Mark Darren traf seine Mutter vor wenigen Tagen unter strengsten Sicherheitsvorkehrungen in einem indonesischen Gefängnis. Dort erwartete die verurteilte Drogenschmugglerin die Hinrichtung durch ein Erschießungskommando. Philippinische Diplomaten berichteten von der Begegnung.

Acht andere veruteilte Drogenschmuggler wurden am Mittwoch (Ortszeit) hingerichtet, aber die Erschießung der Mutter stoppten die indonesischen Behörden in letzter Minute. Denn eine andere Frau, die verdächtigt worden war, sie als Drogenkurierin missbraucht zu haben, hatte sich tags zuvor der Polizei auf den Philippinen gestellt.

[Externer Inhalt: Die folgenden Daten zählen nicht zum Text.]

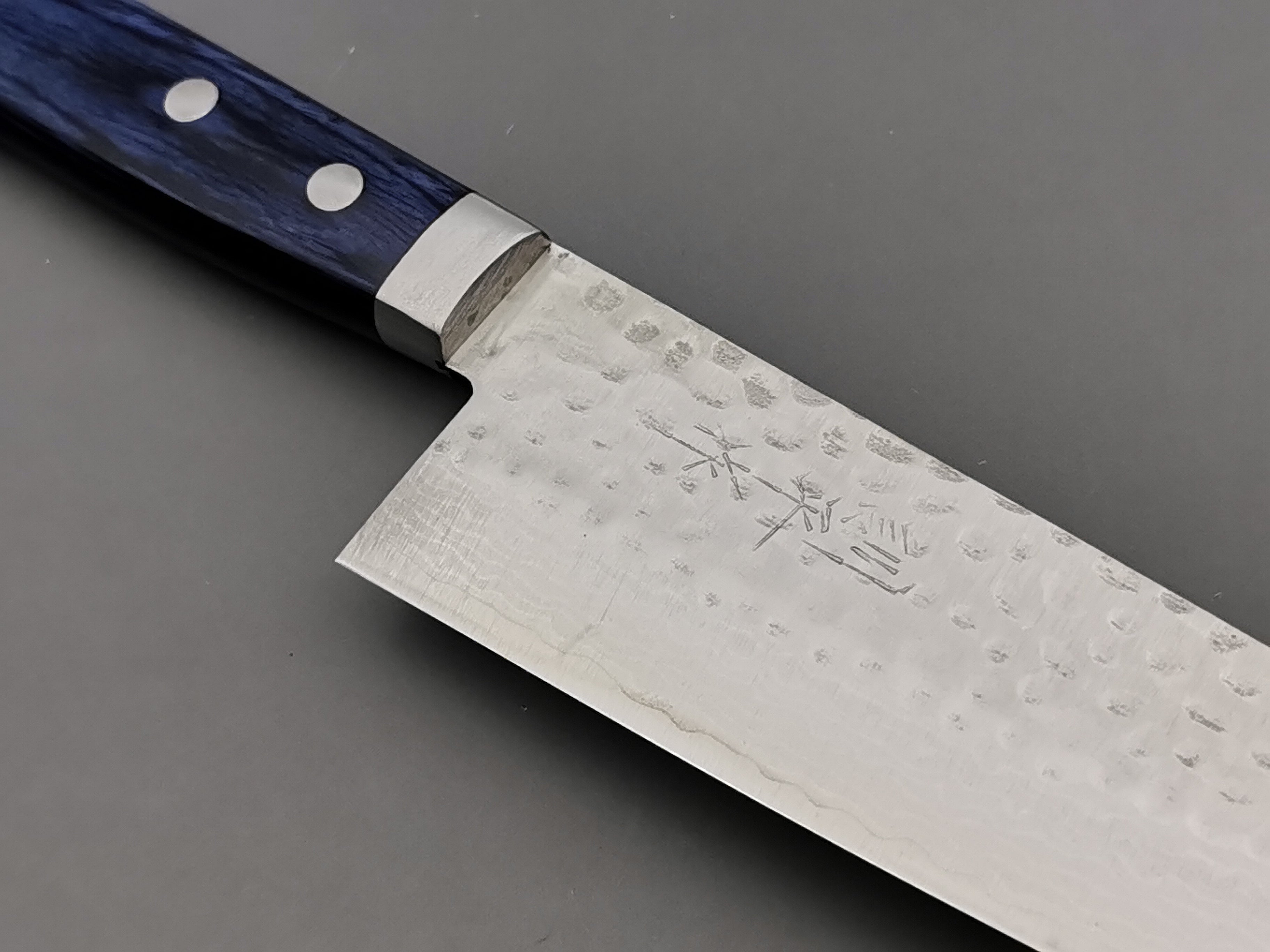 Masutani Hamono V10 Tsuchime Santoku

Ihrem älteren Sohn Mark Daniel gegenüber betont die alleinerziehende Mutter ihre Unschuld. „Glaube nicht, dass ich gestorben bin, weil ich etwas falsch gemacht habe“, sagt Veloso dem 12-Jährigen. „Sei stolz, dass deine Mutter stirbt, weil sie für die Sünden anderer büßt.“

Veloso wurde verurteilt, weil 2010 in ihrem Gepäck 2,6 Kilogramm Heroin gefunden wurden. Sie betont, dass sie nichts von den Drogen gewusst habe. Der Koffer sei ein Geschenk von einem in Malaysia lebenden Afrikaner gewesen. Sie habe ihn durch ihre Freundin Maria Kristine Sergio kennengelernt. Jene Frau, die ihr auch den neuen Job in Malaysia vermittelt hatte.

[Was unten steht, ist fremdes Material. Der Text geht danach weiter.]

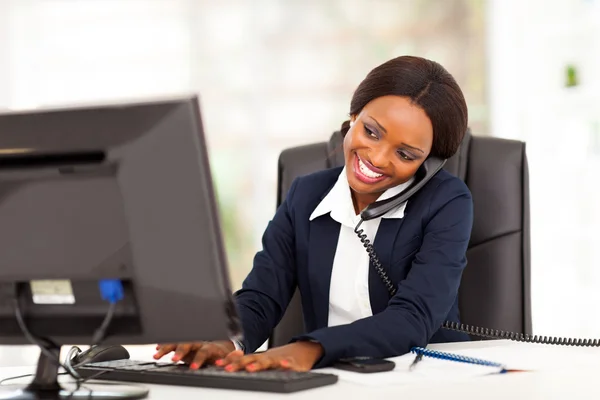 depositphotos_19129273-stock-photo-beautiful-young-african-american-businesswoman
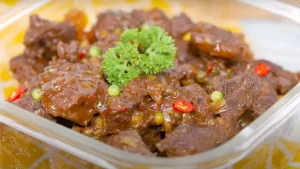 Hướng Dẫn Nấu Thịt Bò Kho Nghệ Chuẩn Vị: 2 Công Thức Đơn Giản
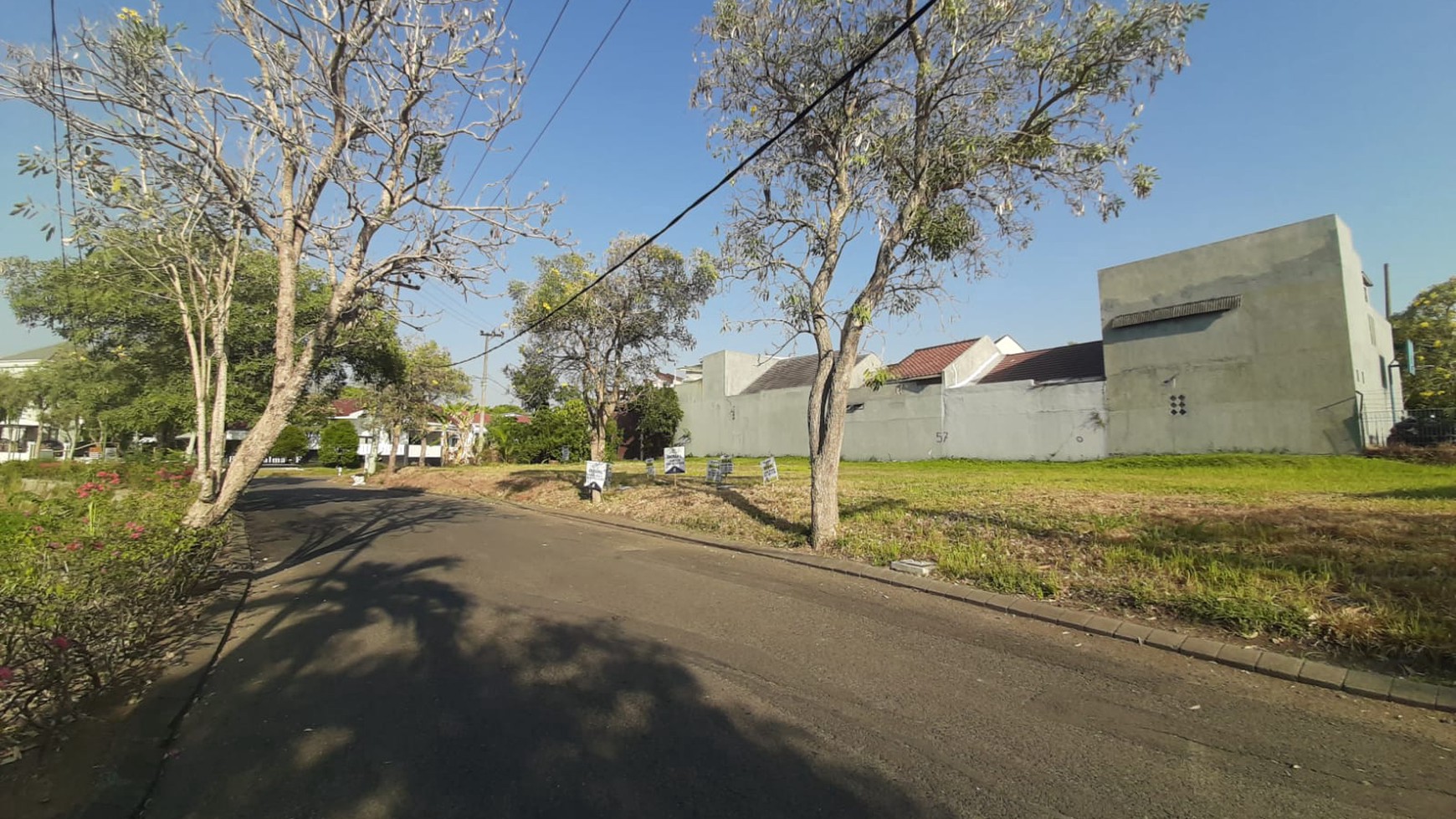 Tanah Dijual Murah dan Luas Berlokasi Strategis di Villa Taman Telaga Citraland, Surabaya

Die aus ärmlichen Verhältnissen stammende Veloso hatte zuvor in Dubai als Haushaltshilfe gearbeitet, um ihre Kinder zu unterstützen. Nach einer versuchten Vergewaltigung kehrte sie zurück. Es folgt eine monatelange, vergebliche Jobsuche. Dann bietet ihr Sergio Arbeit in Malaysia an. Die Freundin kümmert sich, man geht shoppen und essen. Veloso sagt aus, Sergio habe ihr erklärt, sie müsse nach Indonesien ausreisen, bevor sie ihren Job antreten könne.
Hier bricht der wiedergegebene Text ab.